With its AI-powered platform, Holly plans to speed up government hiring standards.

The power of introductions

The summer following graduation, Holly’s co-founders implemented their first pilot with the City of Long Beach in California and raised $100,000 from angel investors.

Hellweg shared that the angel funding came together through “personal networks as well as the Harvard network.” Soon after, their angel investors played a pivotal role in helping them raise $2.2 million in seed funding from fellow Harvard Business School graduates Christine Keung (MBA '20) of J2 Ventures and David Perez-Hernandez (MBA/MPP '20) of Roble Ventures.

"By the time we were done raising our angel round, all of our investors were able to contribute to our seed fundraising process by leveraging their networks,” shared Hellweg. “We got more than 40 introductions to investors, which allowed us to run a tight fundraising process over the course of September 2024. We were able to agree on term sheets after about five weeks.”

Working with local governments across the U.S.

In less than a year since launching, Chung and Hellweg report that local governments representing 1% of the U.S. population — or more than 3 million people — are using the Holly platform.

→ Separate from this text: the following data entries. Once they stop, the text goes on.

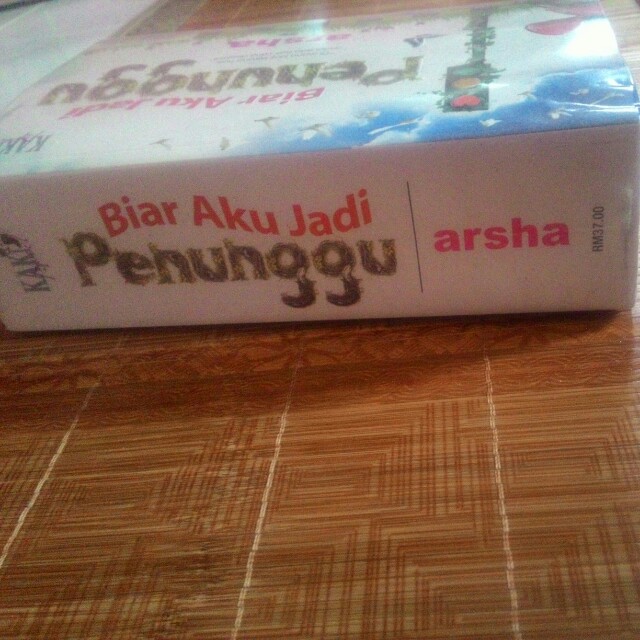 Novel Biar Aku Jadi Penunggu By Arsha Books Stationery Books On Carousell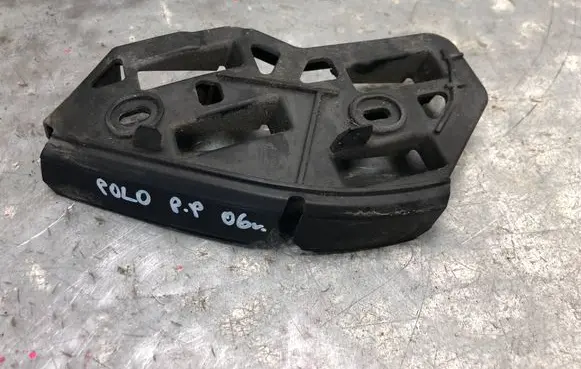 Volkswagen Polo IV 9N3 Front bumper mounting bracket 6Q0807184ABILI 6Q0807184A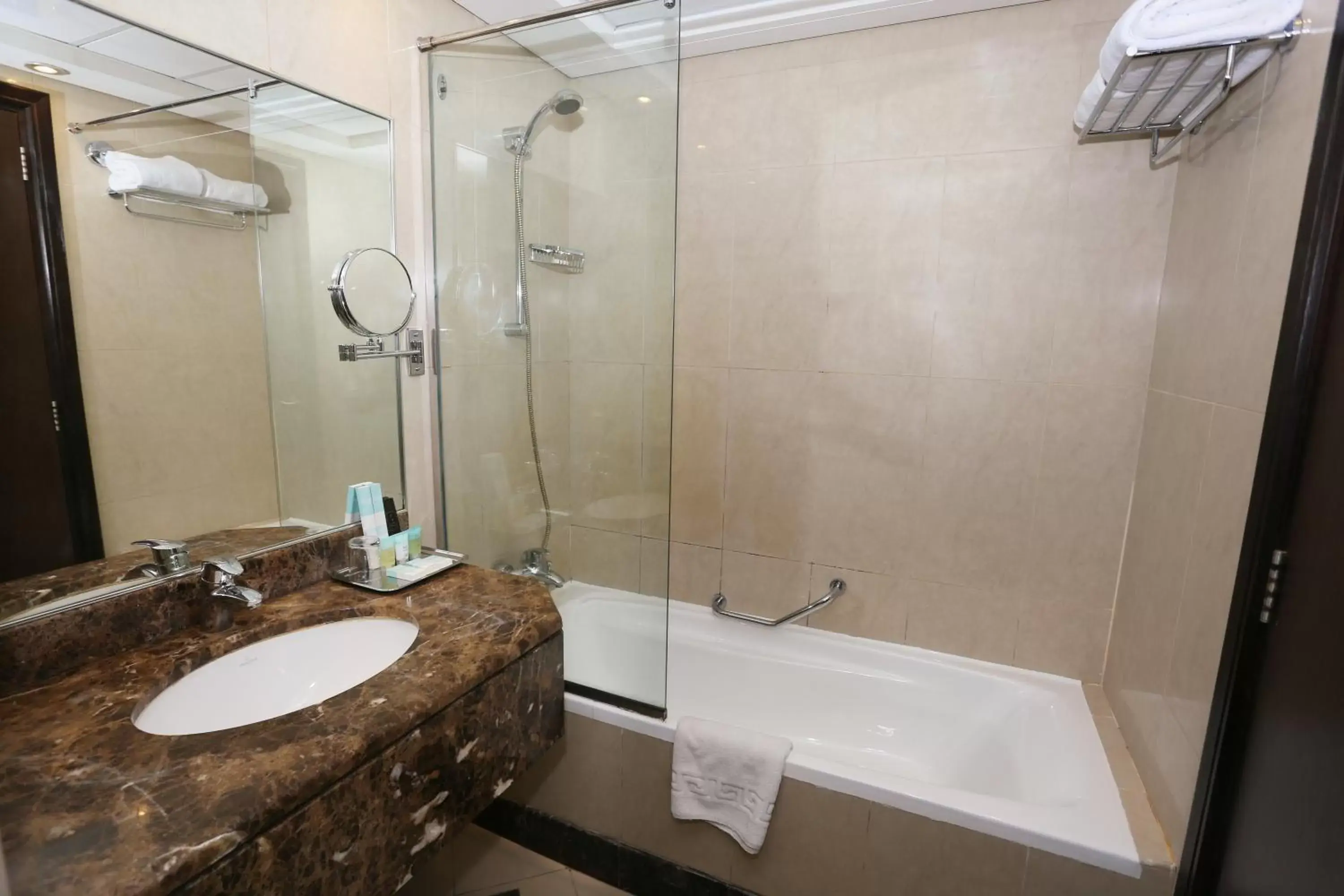 AlHamra Classic Family two Bedroom Suite in Al Hamra Hotel AlHamra Classic Family two Bedroom Suite in Al Hamra Hotel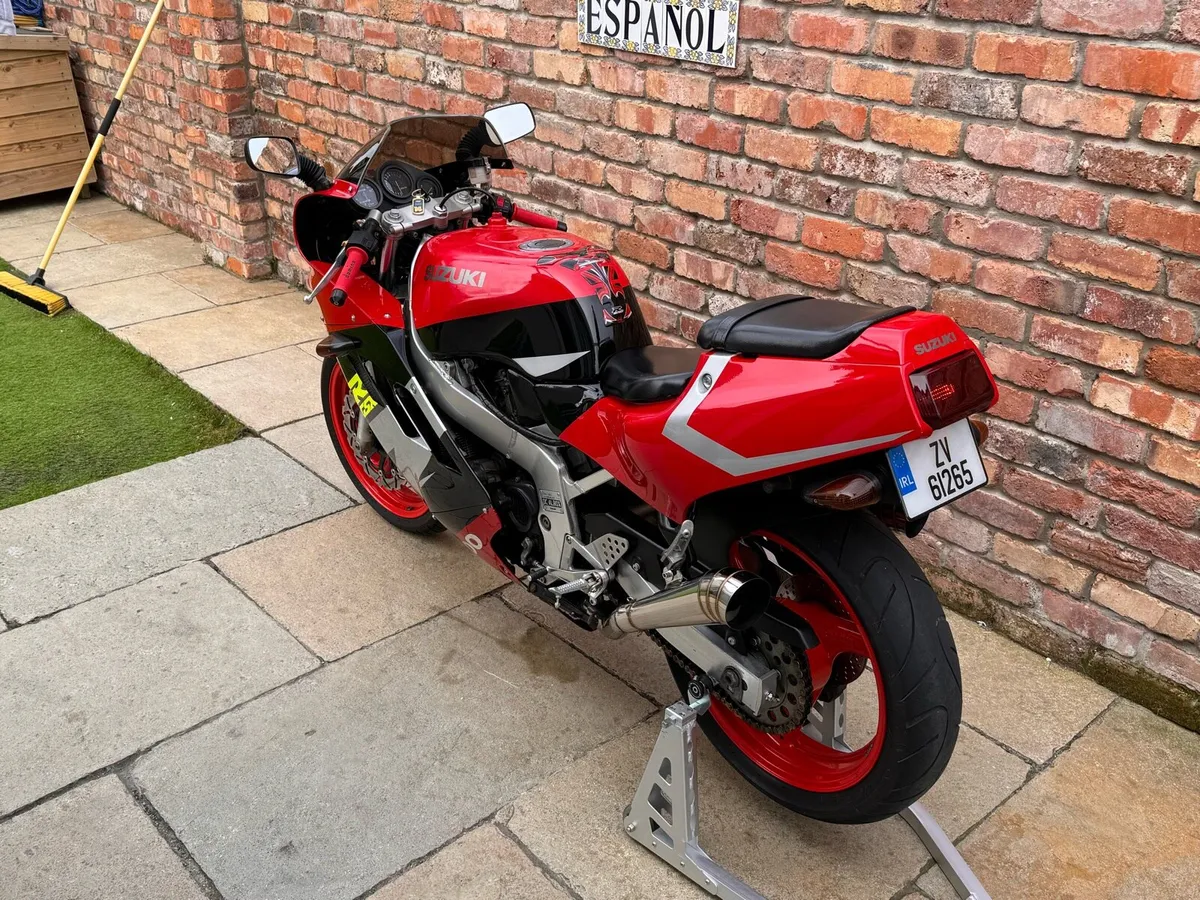 Gsxr 400r - Image 4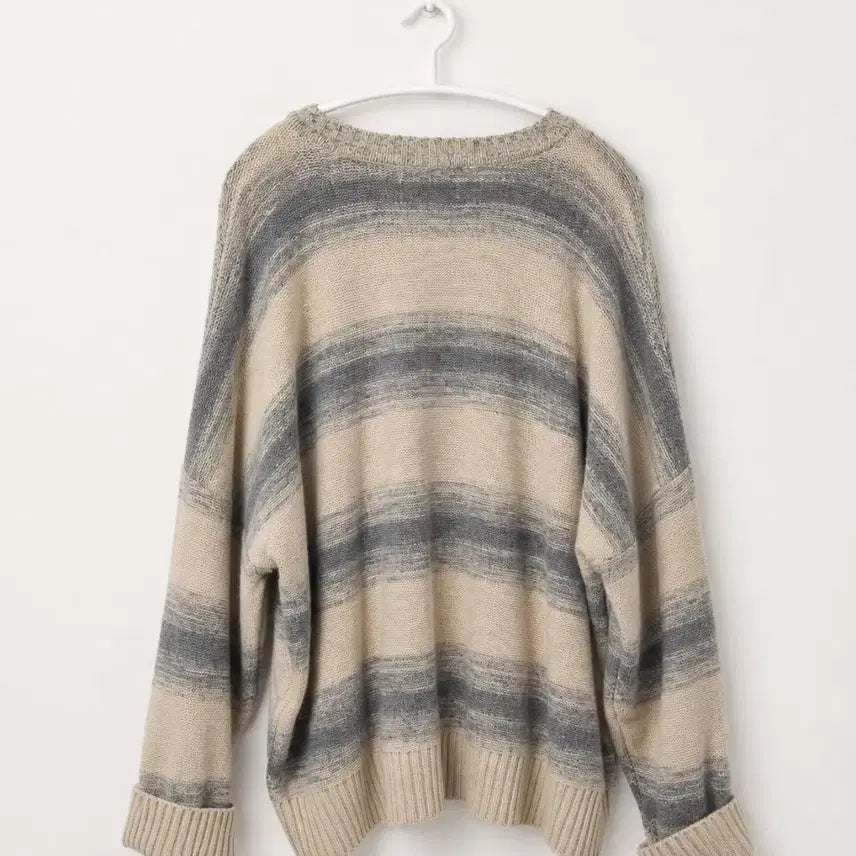 [BUNJANG] Vivastudio Oversized Cropped Gradient Stripe Knit / 비바스튜디오 오버핏 크롭 니트 (스트라이프)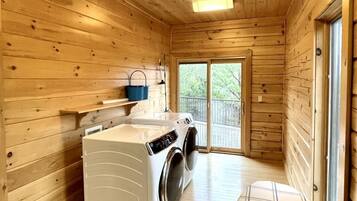 Cabin, 5 Bedrooms | Interior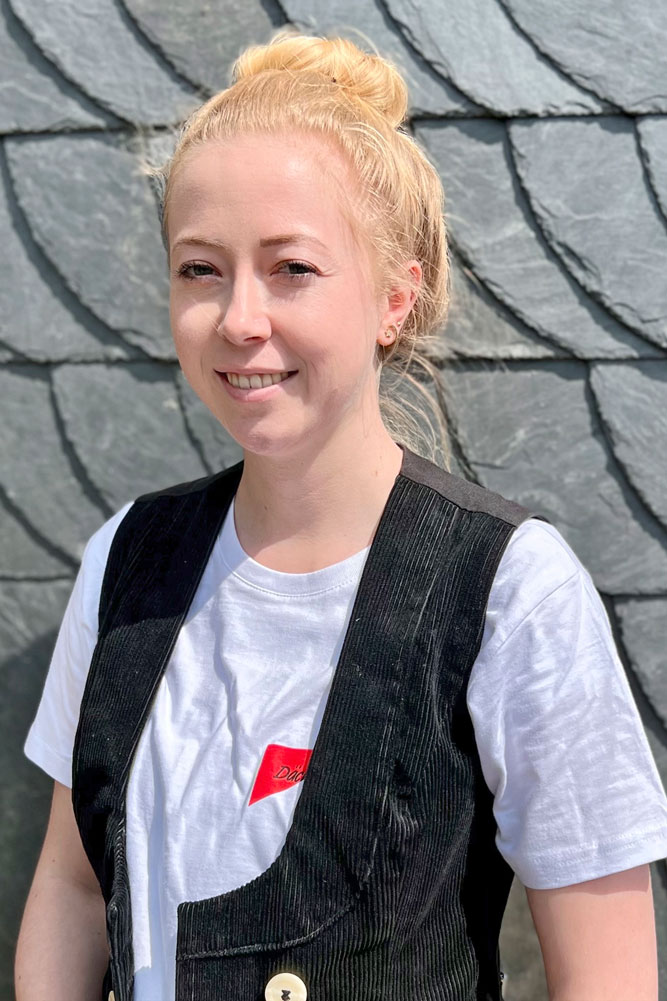 Dinah Metzner, Dachdeckermeisterin, angestellt bei der Dächer von Metzner GmbH in Lüderitz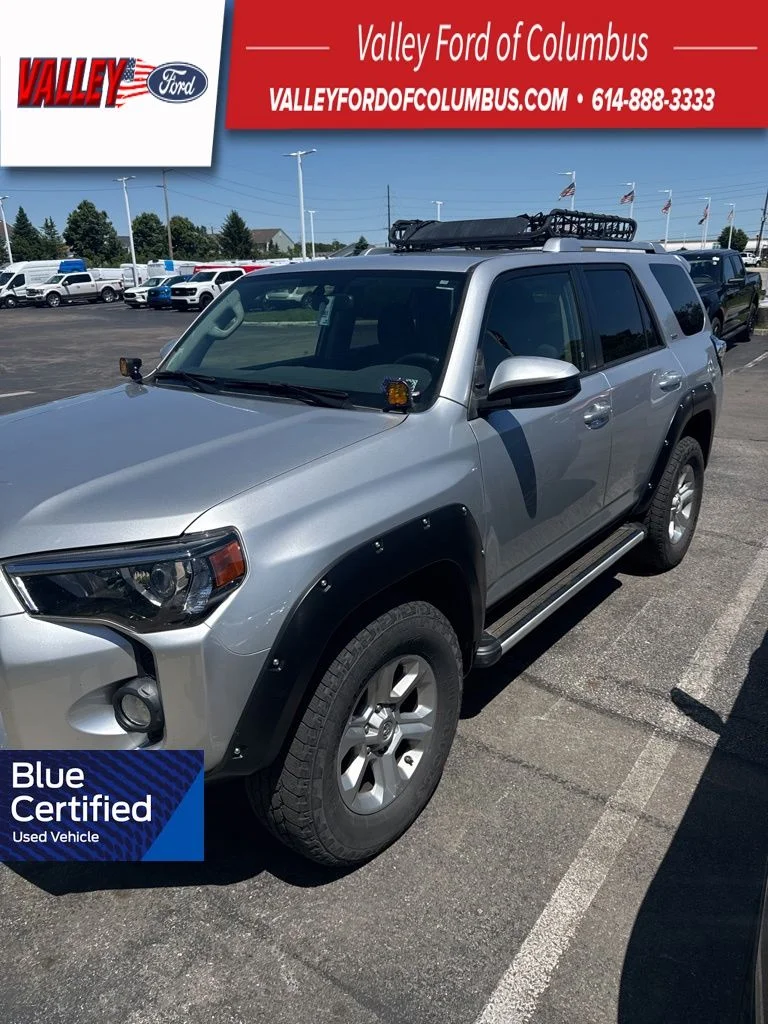 2018 Toyota 4Runner SR5 4x4 V6's photo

In the coming weeks, this figure will increase to 2%. “We’re demonstrating a clear, repeatable sales and implementation process for medium and large jurisdictions that will enable Holly to scale,” said Chung.

When pointing to some of the early customer successes, Holly's co-founders highlighted how they’ve sped up hiring for the City of Long Beach. Traditionally, the process for approving a job description in local government can take “anywhere from six weeks to several months, and involve multiple meetings with subject matter experts and consultants,” according to Hellweg. Long Beach has been able to use “Holly’s data and informed recommendations” to reduce the process of drafting and approving a job description to a single meeting. This leads to “faster hiring and less money paid in overtime to staff covering for vacant roles,” said Chung.

In addition to making hiring faster, Holly’s platform is helping local governments ensure that their current employees are doing the jobs best suited for their evolving skill sets. “It's typical for local governments to do only a handful of reclassification requests a year,” explained Hellweg, which means elevating employees into new roles that are a better match. “With Holly, we’re seeing local governments analyze hundreds of reclassification requests, when they would typically do one or two at a time through highly manual processes.”

The ability to ask for help [at the i-lab] easily, quickly, and reliably, and receive it from people who are dealing with the same problems as we are, has been phenomenal.

Brendan Hellweg (MBA/MPP '24) Co-Founder, Holly

Leveraging the i-lab space and community

In the year leading up to graduation, Hellweg and Chung spent most days at the Harvard Innovation Labs, where they used i-lab resources to grow Holly from a class project into a viable business.

“I remember, early on in our final year, we posted on the whiteboard that we were searching for engineering talent, and we got an intern that way,” said Chung. “We also connected with our founding engineer, Keiv Holding, through the i-lab network.”

Holly's co-founders also described the “amazing coaching” they received from Christopher Robert, a mentor in the i-lab network. “We still have a great connection with him,” said Hellweg. “He’s saved our business four or five times. He’s been phenomenal.”

More broadly, they cited the value of the i-lab community. “The ability to ask for help easily, quickly, and reliably, and receive it from people who are dealing with the same problems as we are, has been phenomenal,” said Hellweg.

Chung added, “The space is unique in terms of what is available around Harvard. It's an environment where I would have tons of impromptu conversations and check-ins, asking, ‘How is your startup?’ when I’d run into someone. I have a lot of friendships that started by just bumping into each other constantly at the i-lab. It really is a special place.”